The Problem: Mapping a Shape-Shifting Universe

Think of the "Periodic Table" of elements as a giant map. Scientists have known about some weird shapes on this map (like "bubbles" where the center is empty), but they only knew about a few specific islands. They didn't have a complete map of where these strange shapes appear, nor did they have a standard ruler to measure exactly how hollow or thick a nucleus is.

The Tool: A "Frictional Cooling" Simulation

The researchers used a computer model called EQMD (Extended Quantum Molecular Dynamics).

• The Analogy: Imagine you have a bowl full of marbles (the protons and neutrons) that are vibrating wildly. If you just let them be, they bounce around chaotically. To see their natural, resting shape, you need to slow them down.
• The Method: The researchers added a "frictional cooling" mechanism to their simulation. Think of this like putting the vibrating marbles in a thick, cold syrup. It slows them down gently until they settle into their most stable, relaxed arrangement. This allowed them to see the "true" shape of the nucleus without the noise of constant shaking.

The Discovery: Three Main Shapes

After cooling down thousands of different nuclei, the researchers found that the nuclei generally fell into three categories, which they named based on their shape:

1. The Droplet (B = 0):

   • What it is: A standard, solid ball. The density is highest in the center and fades out toward the edge, just like a drop of water.
   • Where they are: Mostly found in light nuclei (small atoms).

2. The Bubble (B = 1):

   • What it is: A hollow ball. The center is empty or very thin, and the matter is packed into a shell around the outside.
   • Where they are: Mostly found in medium-sized nuclei. The researchers highlighted a specific area around the element Calcium-40 and neutron-rich areas as "prime candidates" where these bubbles are most likely to be found.

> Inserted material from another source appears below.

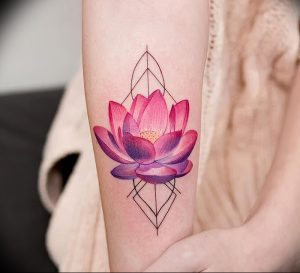 фото тату лотос от 02.10.2017 №079 - lotus tattoo - tattoo-photo.ru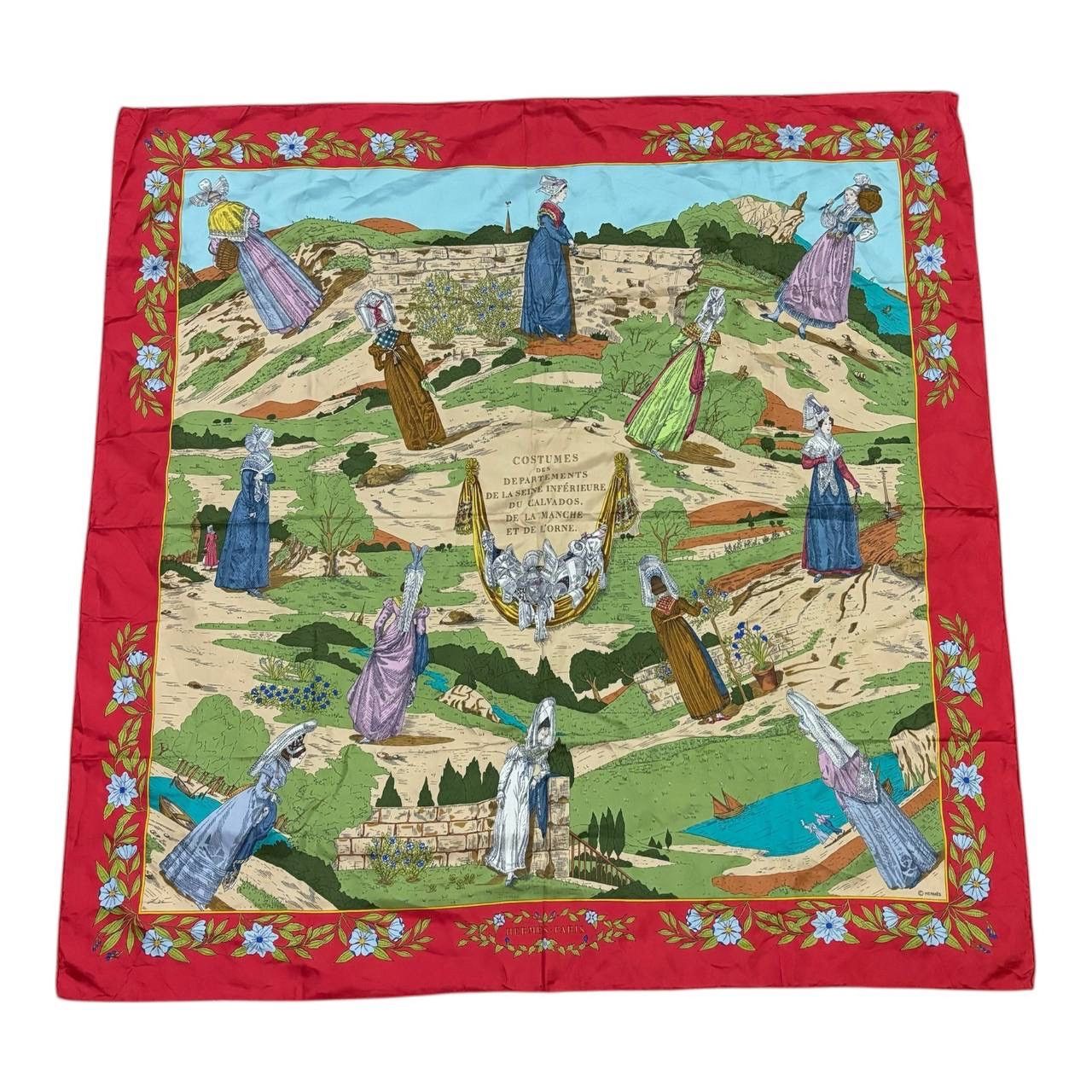 Hermes Vintage Hermes Paris 1989 Costumes Scarf Silk 90cm Red Size ONE SIZE - 1 Thumbnail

3. The Toroidal Bubble (B = 2):

   • What it is: A donut or a ring. The density dips in the very center, rises up in a ring in the middle, and then dips again before the outer edge.
   • Where they are: These start appearing in heavier nuclei (around atomic number 25) and become common in very heavy, super-heavy elements.

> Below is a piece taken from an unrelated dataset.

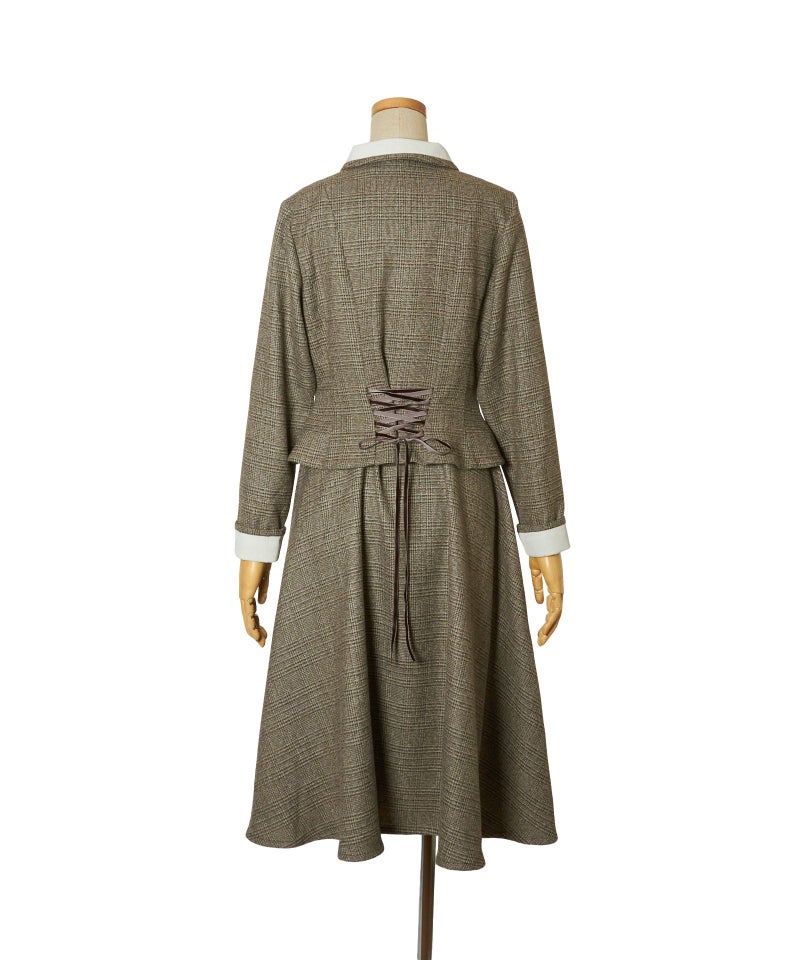 バック (brown×white)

The New "Ruler": The B-H-T-U Framework

To stop guessing and start measuring, the team created a unified classification system using four "factors" (like a scorecard for nuclear shapes):

• B (The Shape Score): This counts the "bumps" in the density curve.
  • 0 bumps = Droplet.
  • 1 bump = Bubble.
  • 2 bumps = Toroidal Bubble.
• H (The Hollow Score): This measures how empty the center is. A high score means a very hollow center; a low score means a solid center.
• T (The Thickness Score): This measures how thick the "skin" or outer layer of the nucleus is.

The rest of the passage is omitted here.